Everybody was very young
careers and address yet to be urgent
status for a boy : notches on the bedpost
for girls
the resistance to becoming one.

He was a kind of godfather to us
considerably older
but not old
a person who suspended judgement
or disguised it well.
Gentle and appealingly bedraggled
he seemed mystified at the worldliness of the world.
A sweet daughter and mad hatter wife
completed a triangle of eccentricity.

We were delighted when he entered business
it was for the customers he said
money wasn’t important. We willed success.
A member of our self appointed importance
became his first employee.
We were envious of the favour that fell
workload was higher than imagined.
Still, the cause was good – God’s work.

Later, some muted disquiet between the two
the owner worried out loud
his former employee had navigated turbulent waters
young people do…. vegetables to the desert of youth
just a sweet kid – needing some time out.

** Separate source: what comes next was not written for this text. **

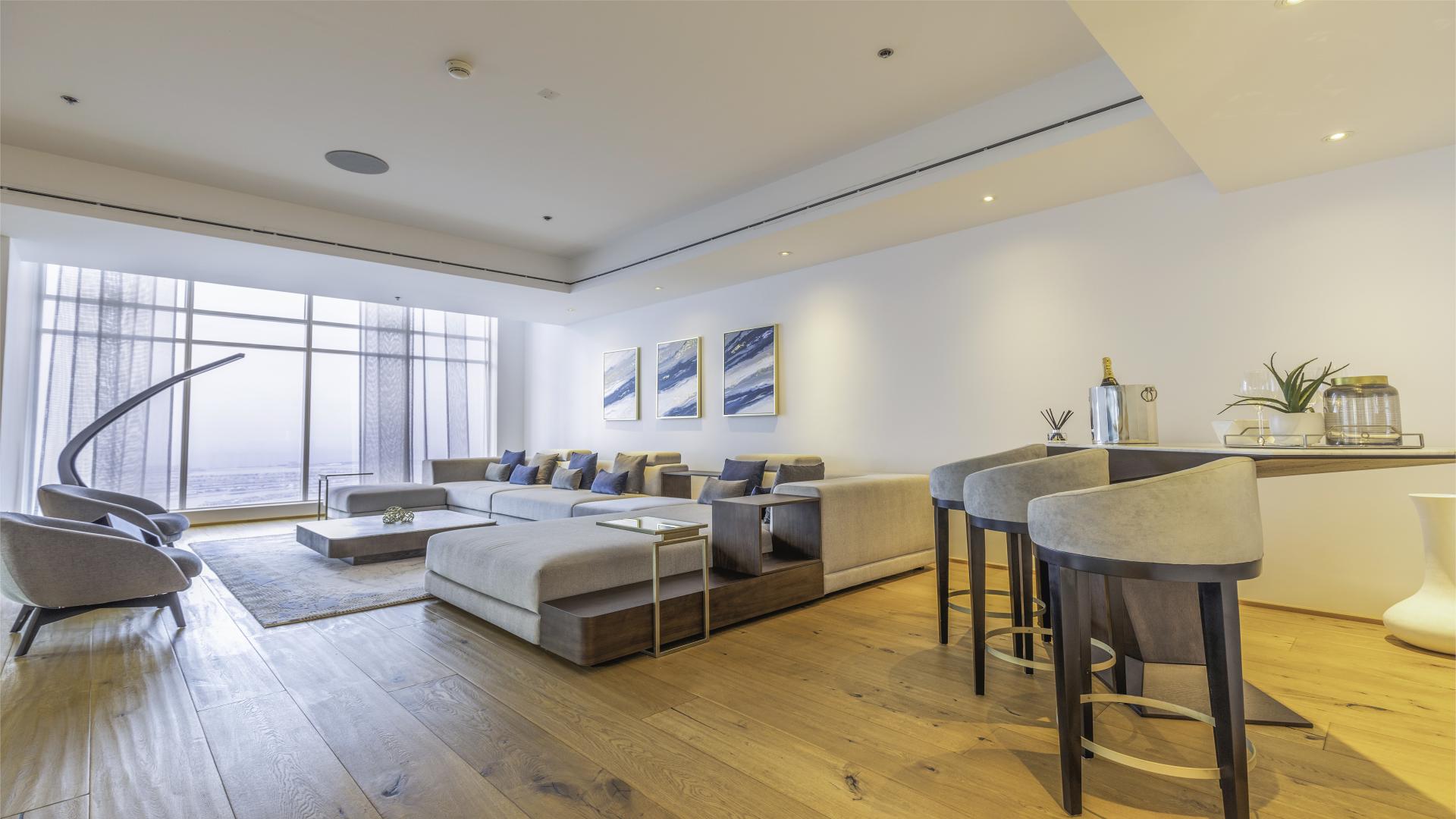 Luxurious Dubai Marina penthouse interior with elegant seating and modern decor, Emirates Crown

As is frequent in the yacht race of life
participants clustered at the start
scatter on the ocean of opportunity.
Back in port many years later
stories abounded of shipwrecked employees.

Posted in Lies

Self Portrait

The reply was chilled and authoritarian
sharp correction of erroneous belief
a reprimand
part rebuke – part retort
the tone used to impart what should not be forgotten.

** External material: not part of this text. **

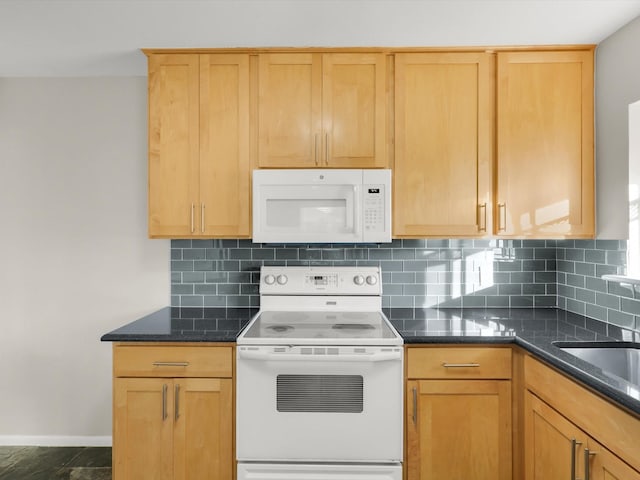 kitchen featuring electric range, decorative backsplash, sink, and dark stone counters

She said she wasn’t a smoker.
As someone who never had
I could smell the lie
a lie that wasn’t
but makeup applied to a disfiguring blemish.

By Ecclesiastes there is a time for everything
and nicotine’s reign of cool had passed.
Denial of vice wasn’t the point
emphasis of strength was.

She was my successor
I had confessed regret
regret at meager return on investment in change.
Workplace esteem
so often a fugitive from truth, confided failure
equating efforts at change to squeezing water.
It came to willpower she said. Said she had it in abundance.

Willpower coughs at tobacco weakness
the whiff of imperfection.
Brief absences returned with nicotine’s exhaust
require listened away from inconsistency
an author reviewing their own work
the ascendancy of purity over disclosure
a matter of selection.
The difference between an obituary and a eulogy.

Posted in Lies

One For the Road.

We never knew his surname
he was just Con.
He’d retired here by the sea
built his own home.
We found him when he opened it to us
a sporting event in a town with not enough beds
civic pride asked residents to assist
he answered the plea – he was like that.

“There are no strangers, only friends we haven’t met”
so the cliché says
on coasters
on fridge magnets
on posters – to eyes that know better
but in the surf echoing lounge of our meeting
it just was.
There was warmth.
and shyness
a shyness that never went away
the shy of people finding magic
knowing to disturb or classify is to vaporize.
After the first time
we stayed with him every year.

Oceanfront bar
doors bifold to the horizon.
Sunday, warm and blue
the blue of Monet or Van Gogh
sky and sea of arms flung exultance
a day beyond mutation
bliss, memory could never edit
perfection unalterable by circumstance.

Glasses raised in the beer sparkling sunshine
a coastal freighter freeze frames into harbour
bar patrons denounce and cheer satellite sport.

Amid updating the year past
and plan swapping of the one to be
we asked about his shoulder.
He said it had responded to massage and therapy
had talked to the surgeon
and decided to wait – “ give it a bit more time.”
He died three months later – bone cancer.